Exercise 4. Make a scatter plot showing the number of adults on the x axis against the number of children on the y axis. Can you see any limitations to this plot?

Again lets try to think about the different aspects in building this plot based on the question

data-> BeanSurvey
aesthetics->x->CHILDREN
aesthetics->y->ADULTS
geom->point

ggplot(BeanSurvey,aes(x=ADULTS,y=CHILDREN))+
  geom_point()

A limitation here is that we have lots of overlapping observations. e.g. lots of people in our data have 2 adults and 3 children. But we only see one point.

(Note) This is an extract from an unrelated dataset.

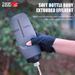 ThinkRider 620ml/750ml Bicycle MTB Road Bike Water Bottle Outdoor Sports Plastic Portable Large Capacity Drink Cycling_maomaolike.com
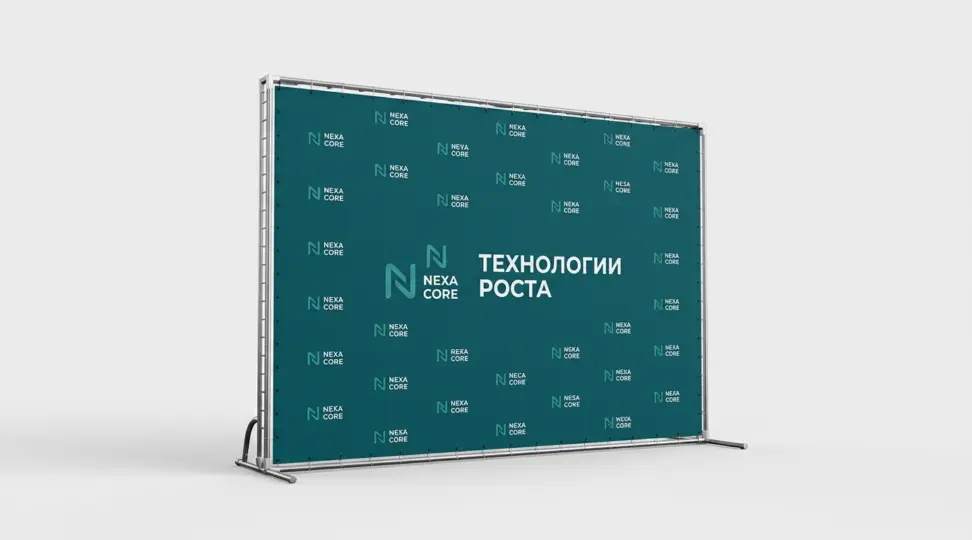  - картинка 2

This is an example of overplotting where so much of the information is hidden due to a small range of possible values, resulting in our points stacking on top of one another.

This could be a case where we might want to do a jitter plot instead.

ggplot(BeanSurvey,aes(x=ADULTS,y=CHILDREN))+
  geom_jitter(width=0.1,height=0.1)

The width and height arguments control how much away from the centre the points are allowed to jitter away from the true value.

It is best to make sure you think about the units you are working with when using a jitter plot. As you can see below, if i start putting the width and height too high then the points become too dispersed and it is ultimately impossible to tell to which point they originally belong.

ggplot(BeanSurvey,aes(x=ADULTS,y=CHILDREN))+
  geom_jitter(width=0.5,height=0.5)

Appendix: 'BeanSurvey' dataset

The data we are using in this session is an extract of a survey conducted in Uganda from farmers identified as growing beans.

The dataset contains an extract of 50 responses to 23 of the survey questions, and has been imported to R as a data frame called BeanSurvey.

A summary of the columns in the dataset is below.

Column	Description
ID	Farmer ID
VILLAGE	Village name
HHTYPE	Household composition
GENDERHH	Gender of Household Head
AGEHH	Age of Household Head
OCCUHH	Occupation of Household Head
ADULTS	Number of Adults within the household
CHILDREN	Number of Children (<18) within the household
MATOKE	Do they grow matoke?
MAIZE	Do they grow maize?
BEANS	Do they grow beans?
BANANA	Do they grow banana?
CASSAVA	Do they grow cassava?
COFFEE	Do they grow coffee?
LANDAREA	Land area of farm (acres)
LABOR	Labor usage
INTERCROP	Intercrops with beans
DECISIONS	Household decision responsibility
SELLBEANS	Do they grow beans for sale?
BEANSPLANTED_LR	Quantity of beans planted in long rain season
BEANSPLANTED_SR	Quantity of beans planted in short rain season
BEANSHARVESTED_LR	Quantity of beans harvested in long rain season
BEANSHARVESTED_SR	Quantity of beans harvested in short rain season

Spend some time looking through the exploring the full dataset embedded below, to familiarise yourself with the columns and the type of data stored within each column. You may need to refer back to this data at times during this tutorial. Remember that R is case sensitive, so you will always have to refer to the variables in this dataset exactly as they are written in the data. There is a column in this data called "GENDERHH" but there is no column in this data called "GenderHH".